Problem statement
Leave out pictures; repeat exactly the lines from the "Yılan (Snake) Oyunu" line through the last of the data below.

Image-text web data
== Segment start ==

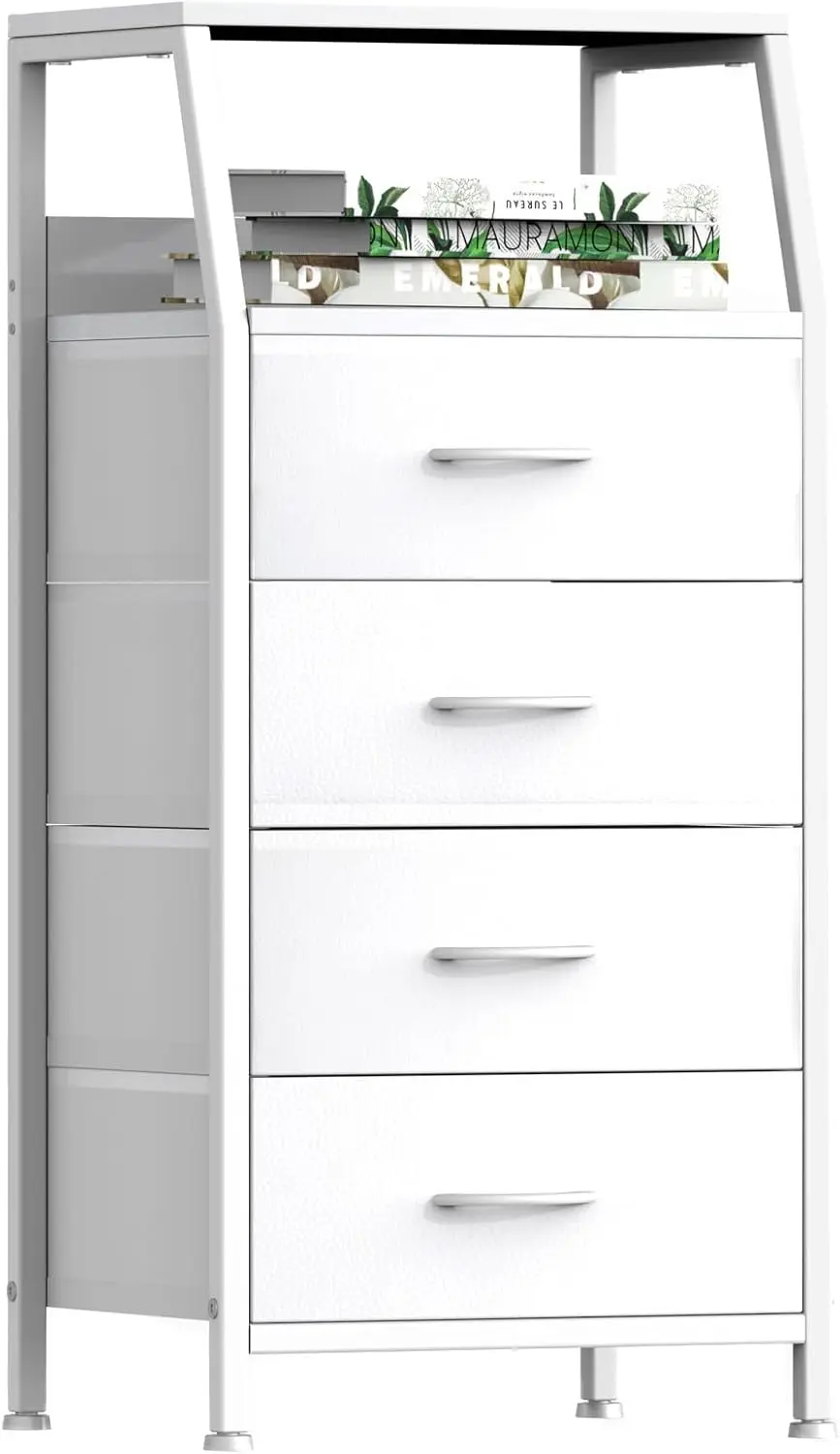 White Dresser for Bedroom, Storage Organizer with 4 Drawers, Vertical Fabric Storage Stand
White Dresser for Bedroom, Storage Organizer with 4 Drawers, Vertical Fabric Storage Stand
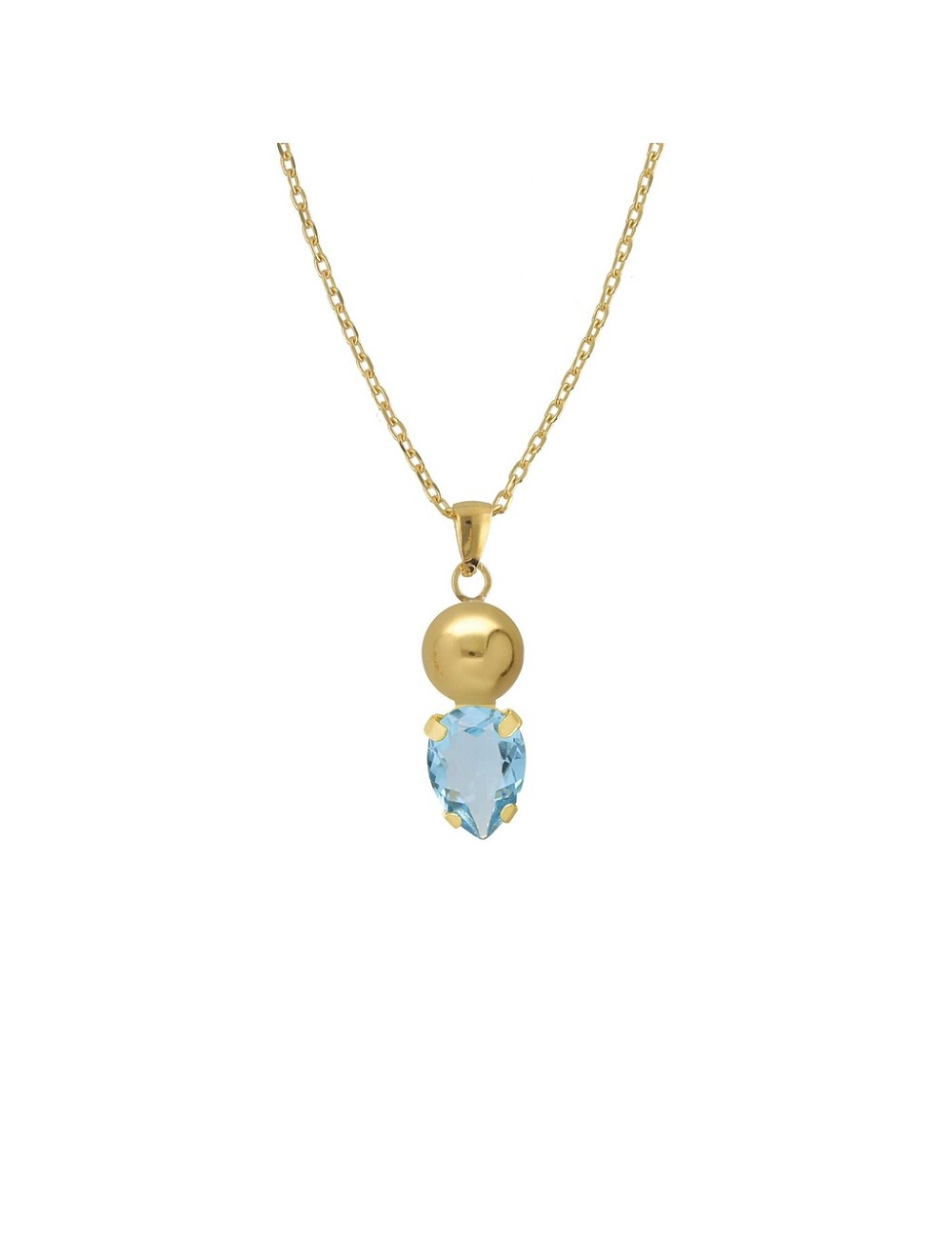Collar Corto Esfera Buongiorno con Cristal En Plata Baño Oro (Aquamarine)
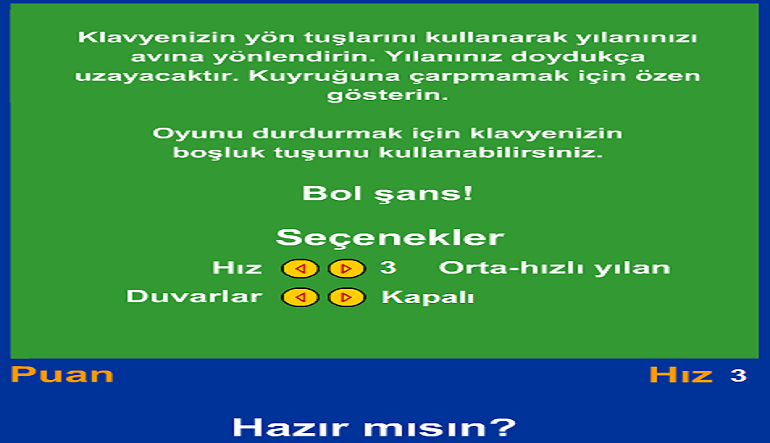 Yılan (Snake) Oyunu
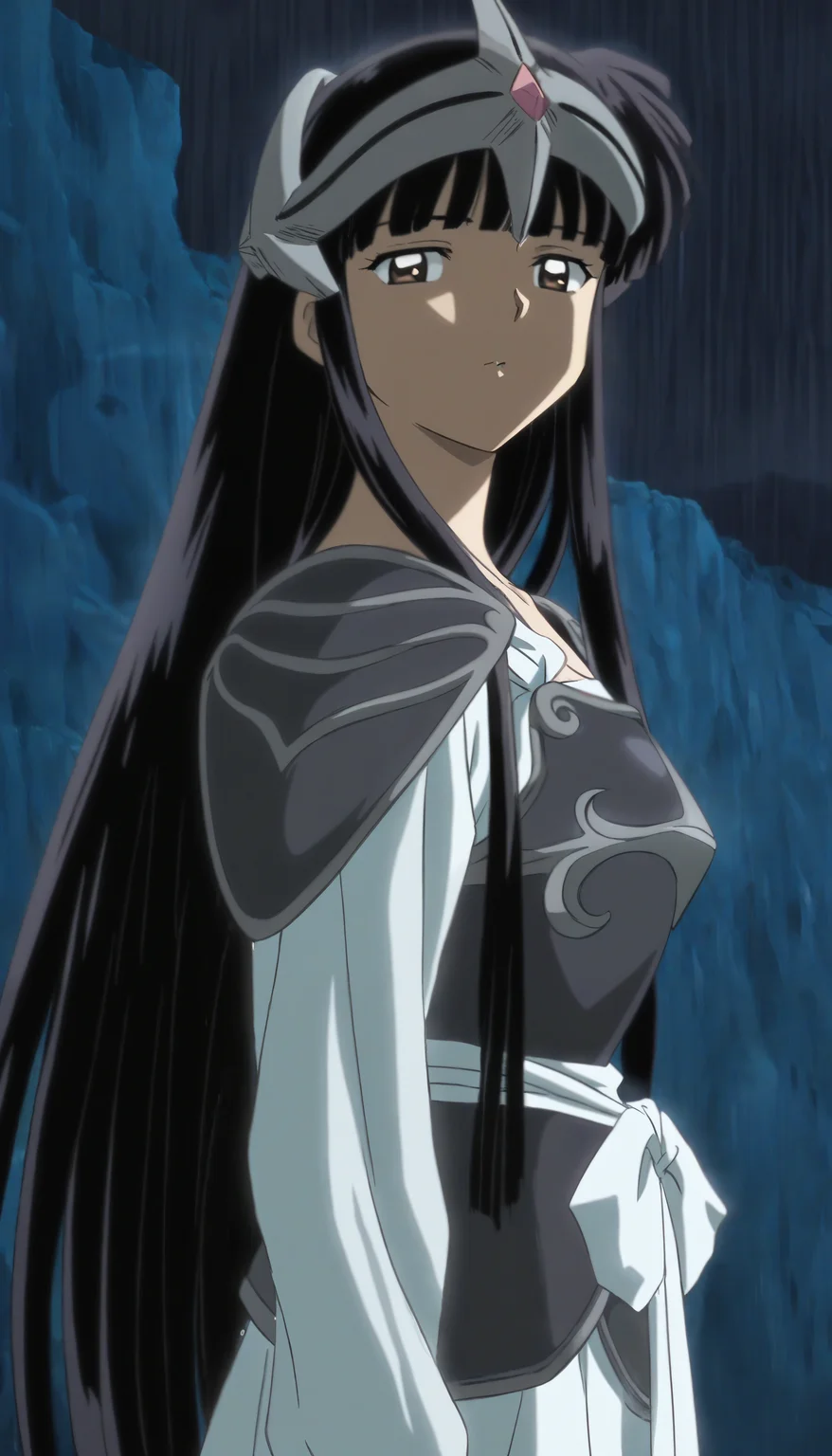 masterpiece,best quality,amazing quality,
<lora:kikyoNAI:1>,k1ky0,
1girl,solo,black hair,bangs,long hair,brown eyes,headpiece,white robe,shoulder armor,breastplate,white waist ribbon,upper body,looking at viewer,outdoors,night,rain,cliff,soft lighting,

== Segment end ==

Your response
 Yılan (Snake) Oyunu
 masterpiece,best quality,amazing quality,
<lora:kikyoNAI:1>,k1ky0,
1girl,solo,black hair,bangs,long hair,brown eyes,headpiece,white robe,shoulder armor,breastplate,white waist ribbon,upper body,looking at viewer,outdoors,night,rain,cliff,soft lighting,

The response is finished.